“Sometimes they come upon me unbidden, these images of places…At other times I summon them” (Peter Zumthor, Thinking Architecture, 2006, Birkhauser)
Place and memory are intrinsically connected- a place gives us the experiential and behavioral intentions that drive our understanding of it. But what is a place? Is it simply a basic space for prospect and refuge? Is it about the sense of place connected to the sense of security we derive from it? Is a place about the sense of mastery we get from being safe? Does memory lead to the space? What happens to places when people leave and when voices are stilled?
A place is an experience- a space where we do something and that recollection forms, re-forms and informs our memory. Without that experience, there is no memory. ‘This the place where I felt sad because I remembered the good times I had there’- the emotion of the place becomes our memory or ‘I remember the fragrance of jasmine in the garden as I strolled across the lawn that night’. That said memory is timeless or perhaps suspended in time. What you remember as a child, you can remember as an adult- when you recall that memory, it is as if you were a child again. People can bring memories with mementos to a space when they arrive. Places and memories are inseparable.
Memento mori
‘And all the spaces of our past moments of solitude, the spaces in which we have suffered from solitude, enjoyed, desired and compromised solitude, remain indelible within us, and precisely because the human being wants them to remain so. He knows that the space identified with his solitude is creative; that even when it is forever expunged from the present, when henceforth, it is alien to all the promises of the future, even when we no longer have a garret, when the attic room is lost and gone, there remains the fact that we once loved a garret, once lived in an attic. We return to them in our night dreams.’ (Poetics of Space, Gaston Bachelard, 1958)
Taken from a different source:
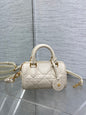 Dior Groove 16 Mini Boston Bag — Latte White Cannage Lambskin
‘…it seems impossible to distinguish between architecture and life, between spatial situations and the way I experience them.’ (Peter Zumthor, 2006)
Spatial phenomenology is the study of the structures of experience and consciousness in a space (as opposed to the Cartesian system, which perceives the world as a collection of disparate objects, influencing or reacting to each another). Our home is the first place of our memories. Often we seek to create what we lost as we grew up and as designers, often our output is the result of recollections- not deliberately, but almost subconsciously. We may not remember details because details are not important- impressions are.
In an age of technology, we can restore memory to a place through photographs and videos. When I look at a photograph of a wall in my house in Delhi, I remember that I picked the lime wash paint and the plaster from it one hot summer afternoon, while listening to a story. The evidence to corroborate that story falls bit by bit even today, swirling bits of lime flakes. I remember how the lime was mixed with water in empty oil drums, the loud noises as the lime slaked, the wiry brown men who climbed up ladders to get at an errant spider or gecko, making wet slapping noises with their straw brushes and the earthy smell of the newly painted walls. The naughty child’s hands, which plucked the walls have been replaced by an adult’s, but the memory of the lime washed walls remains. People who lived, loved and worked in that place are gone and the memory of their death lingers on.